After gathering samples of snails and rust-infected leaves, the team returned to their makeshift laboratory in the basement of their homestay. “We conducted the experiments in pie tins,” says Hajian-Forooshani. “It was no CDC.” The lack of state-of-the-art facilities, however, didn’t keep the team from conducting unprecedented research.

Their newly released paper, titled “Insights From Excrement,” explores the implications of the snails’ unlikely Carribean diet. Despite being one of the most widely distributed invasive land snails, it reads, the species is known to be strictly herbivorous. In Puerto Rico, however, the snails pass on leaves for a larger helping of rust, imparting its poop with the telltale bright-orange tone. The shift is unheard-of, and significant: The study shows that when placed alone with a rust-infected leaf, a single snail can reduce spore coverage by 30 percent in 24 hours. While digestion may not render the spores inviable, Hajian-Forooshani notes that, at the very least, snail poop is far less wind-dispersible than naked spores.

To the left, an untreated coffee leaf infected with rust; to the right, a leaf exposed to the Asian tramp snail, with requisite poop.
To the left, an untreated coffee leaf infected with rust; to the right, a leaf exposed to the Asian tramp snail, with requisite poop. Courtesy of Zachary Hajian-Forooshani

While the snails may be a solution to coffee leaf rust, scientists advise against deploying an army of gastropods across the continent just yet.

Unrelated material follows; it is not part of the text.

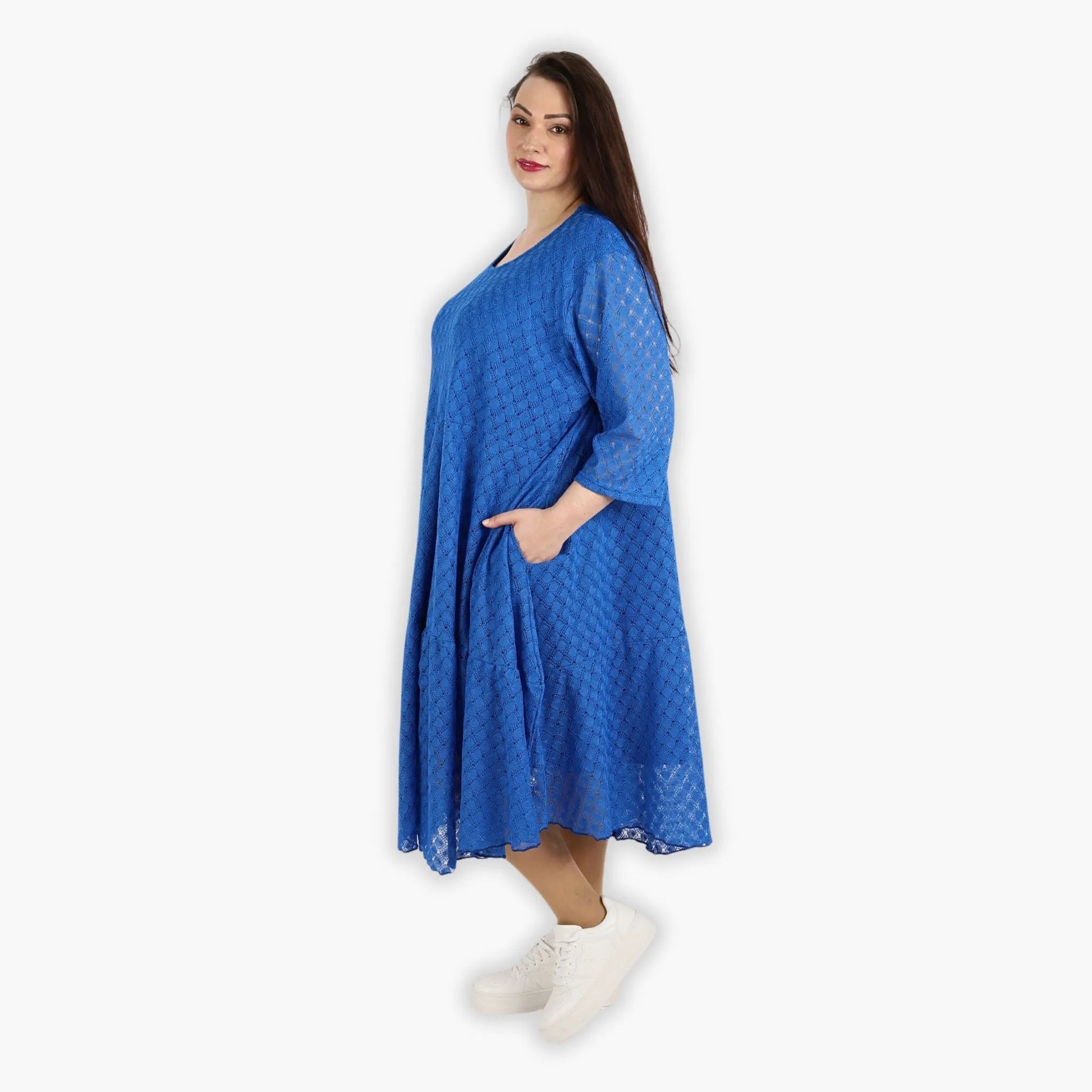  Luftiges Ballonkleid in royalblau mit Häkelspitze und praktischen Taschen für den Lagenlook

Oliver Windram is a Research Fellow at the Imperial College London who studies fungal pathology. He distinguishes between specialists and generalists in the realm of biological controls, the former being, say, parasitic wasps who evolved alongside host caterpillars and cannot reproduce outside of their native ecosystem. “The chances of the wasp finding a new host in another location and becoming a problem are extremely minimal,” says Windram.

Snails, on the other hand, “are terrible generalists—they’ll eat almost anything.” They changed their diet in Puerto Rico, so who knows what economically important crop they could ravage in Colombia, Brazil, or Peru?

Central American farmers have tried breeding hybrid coffee species that are rust-resilient, but the fast-moving fungus is quick to develop an immunity to that resistance.
Central American farmers have tried breeding hybrid coffee species that are rust-resilient, but the fast-moving fungus is quick to develop an immunity to that resistance. Adam Keough/Public Domain Mark 1.0

“I’d be very worried about moving snails around the world,” says Windram. He advises simple biodiversity. “If you plant non-host trees around an infected area, when the wind blows, the spores are more likely to just land on a non-host plant, germinate, and die.” A quiet ending to a centuries-long, global scourge.

Hajian-Forooshani has similar concerns about scaling the miniscule champion to such a gargantuan threat. As unsure as we are of the snail’s potential benefits, we’re still unsure of the potential danger it may pose. “There’s such a long history of people making a relatively simple observation in the field and saying, ‘This snail can save everything, let’s introduce it into every coffee-producing country in the world,’” says Hajian-Forooshani, “and then it just messes everything up.” Believe it or not, there are worse things than running out of coffee.